^^^^^
I would definitely second that. The platters are all but useless.
Even if you could somehow locate a logic board from the same lot of hard drives that was manufactured over ten years ago it still wouldn't work.
The best way i can think to explain it is that every hard drive is like a snowflake. No two are exactly the same. There are a specific set of instructions of how the controller is supposed to operate that particular drive. That set of instructions is stored in permanent memory on a memory chip on the board.
In order to transplant a new logic board onto the drive, and have it work, you also have to transfer that firmware from the old board to the new board. That's doable with the right lab equipment but if the original board is missing just one tiny SMD it raises the level of difficulty significantly.
I kinda dumbed it down to make it understandable but that would be the easiest case scenario.

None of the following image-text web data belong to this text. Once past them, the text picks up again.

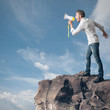 Boy screaming on the megaphone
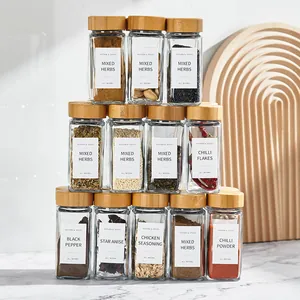 Pyramid stack of minimalist square glass spice jars with bamboo lids and spice labels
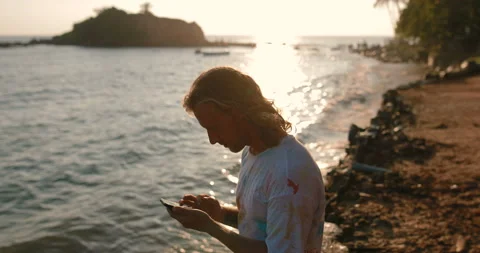 Young man typing text on a smartphone near the beach Stock Footage 105732154
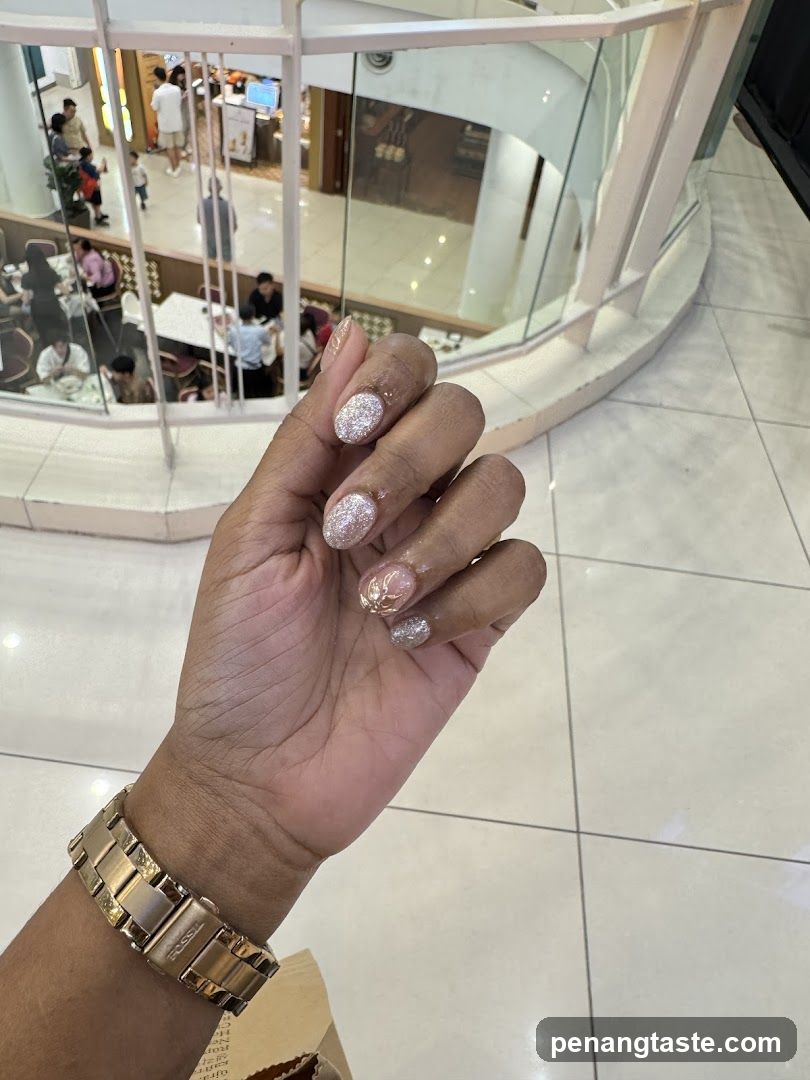 Hand with Nail Art in Mall Interior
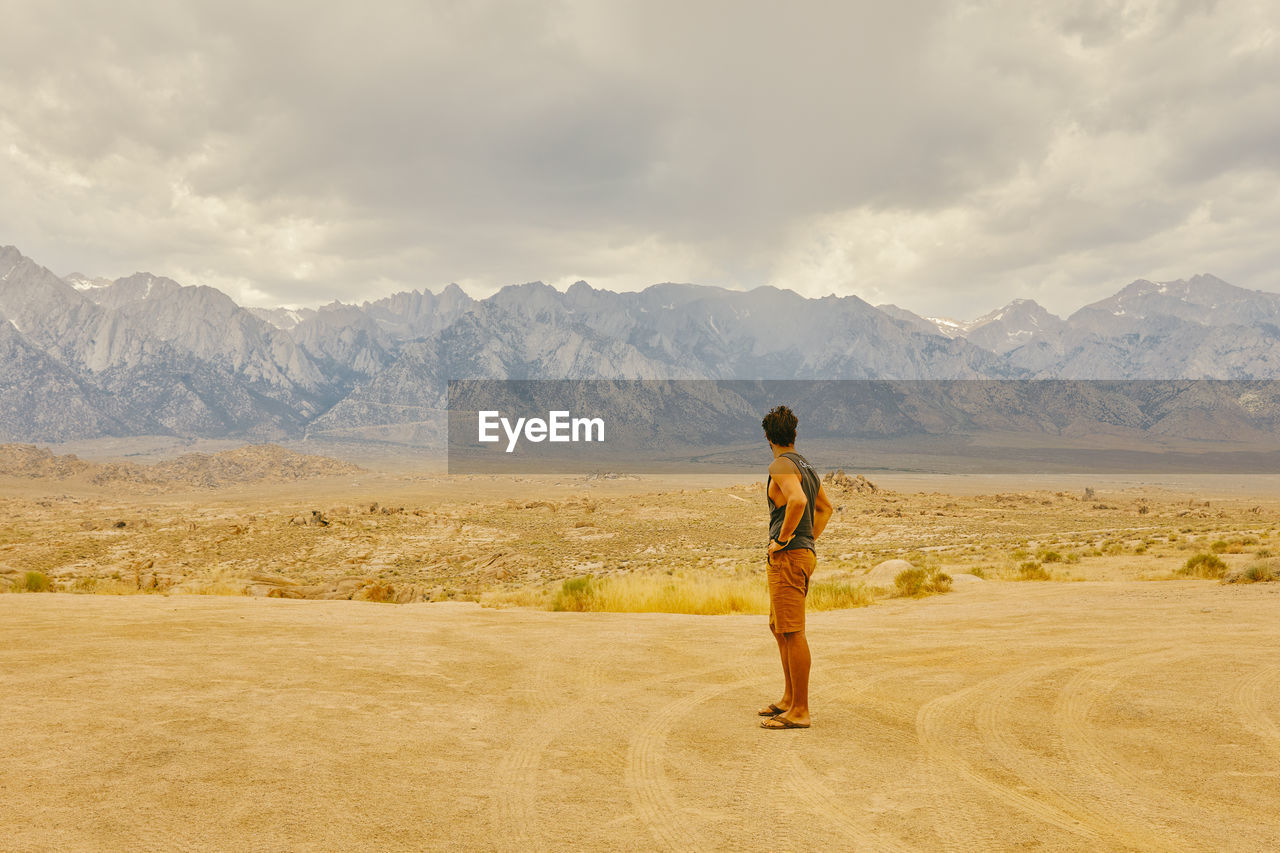 Young man in the california desert looking mountains of alabama hills.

It gets worse from there. You're looking at at least a thousand dollars to have a data recovery lab collect data from a non-functional hard drive.
Let's say that you whacked with a hammer and bent the platters 1/1000 th. of an inch out of true ??? That's a hard call ... might not be able to recover the data at all.
If the platters were removed and a data recovery specialist had no idea of where they came from ??? Maybe .... but i couldn't imagine what the costs would be.
I guess the point i'm trying to make is that the whole thing becomes an absurd concern once you understand the technical difficulty and the costs involved in recovering data from a drive that's been intentionally damaged.
The OP is just a guy that came across a few old computer parts. Doesn't know what he's got and is wondering if they might have some value. The simple answer is that for him .... there just isn't very much value there. The hard drives are actually a liability cause once you own them ... you have the responsibility to do the right thing with em'.
That's an easy two second fix with a BFH or a pocket knife.